Loading the maps onto the SD card is fairly straight-foward, albeit time-consuming, even with the built-in SD slot on Dawnise's notebook (I never tried loading them using the GSP USB cable, as the manual advised against it if a direct SD writer was available). I figured that if I chopped up the continental US correctly, I could probably fit all of it onto the card. Each map was limited at 64M, which was enough - for example - to contain WA, OR, a sliver of Idaho, and enough of BC that we could navigate to Scott and Amanda's place. (Course that would require that I get my blasted passport renewed, which is depending only on getting passport photo's taken - a simple act I forgot again when we were at Costco last night...)
The on-device interface, however, is pretty bad. Searching for addresses requires you to enter a street name (ok), and doesn't give you any way, other than a linear search through the results, to disambiguate between occurances of common streets. Search for 1st Ave and you could spend all day looking for the 1st Ave in downtown Seattle as opposed to any of the other 1st Aves scattered around the current map.

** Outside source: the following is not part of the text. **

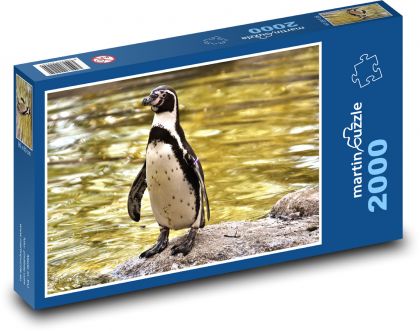 Niedlicher Pinguin auf einem Felsen - Puzzle - 2000 Teile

Once you find an address, and tell it to route you there from where you are, it takes about 15 seconds to compute a route. Fifteen seconds seems pretty reasonable, but becomes an eternity when you make a wrong turn and need to recalculate the route based on your new position. To add insult to injury, we never got the "off course" alarm to work. It had two opportunities on Sunday, and despite being set to trigger when we were 500 feet off course, never did.
Once you notice you're off course (as we did on the way home after a 12 mile stretch of 101 that didn't look familiar), you have to manually tell the unit to recalculate. At freeway speed, you're almost guaranteed that it tells you to take the exit that you're just passing when it finally get's it's bearings.
We discovered that the note in the manual about how the device can't always do the right thing when faced with non-planar graphs (ok, they don't actually say 'non-planar graphs' in the user manual) can become incredibly crippling in a real-world scenario. While looking for one winery, the GPS was telling us to make a right where no right existed. We took the left instead, and discovered that the road looped around under the freeway, and that once we cleared the underpass and recalculated the device "got it right" again. <geek-aside>Being unable to bound the possible transitions between two intersecting roads seems like a problem with the way they're representing the map graph internally, but I'm just guessing...</geek-aside>
Anyway, in a few months one of the Magellan Road Mate models goes on sale at Costco. We played with the demo unit for a few minutes last night, and it looks like a much better fit for Dawnise. It isn't weatherized, which rules out the motorcycle handlebar mount, but if we really wanna take it with us, we'll toss it in a ziplock and keep in in a tank-bag.
In the mean time, I've got $90 worth of mapping software and windshield mount that I can't do much (anything) with. I'll probably see if I can sell 'em on ebay.
Posted by dberger at February 14, 2006 7:50 AM
Comments
You really should get that photo taken. There's a new life-form up here that would like to meet you. :)
Posted by: Scott Snyder
at February 14, 2006 8:48 AM
Any idea how much internal memory the Road Mate has (or if it has support for removable media like the SD card)? I've really been pretty happy with the accuracy, missed turn recalc, map download speed, etc. on my Garmin 60C - the only feature it doesn't have that I really wish for is the swappable media and even that hasn't been a huge problem. I was able to store enough data on the internal 56M memory to map our way all the way up from LA to Santa Cruz, and the LA metro area is pretty dense (lots of POI indexes taking up space). I've been swapping it (and a set of rechargable AAs) back and forth between the van and the bike.